**** Dataset content
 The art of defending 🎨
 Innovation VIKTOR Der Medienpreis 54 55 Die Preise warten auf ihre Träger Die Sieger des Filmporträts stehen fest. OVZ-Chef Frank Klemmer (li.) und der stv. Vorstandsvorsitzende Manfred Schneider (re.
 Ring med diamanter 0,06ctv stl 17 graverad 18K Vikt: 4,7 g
********
» Try it: Your task is to reproduce exactly the lines that begin at the line containing "Innovation VIKTOR Der" and end at the final line of the data above.

» Written answer:
 Innovation VIKTOR Der Medienpreis 54 55 Die Preise warten auf ihre Träger Die Sieger des Filmporträts stehen fest. OVZ-Chef Frank Klemmer (li.) und der stv. Vorstandsvorsitzende Manfred Schneider (re.
 Ring med diamanter 0,06ctv stl 17 graverad 18K Vikt: 4,7 g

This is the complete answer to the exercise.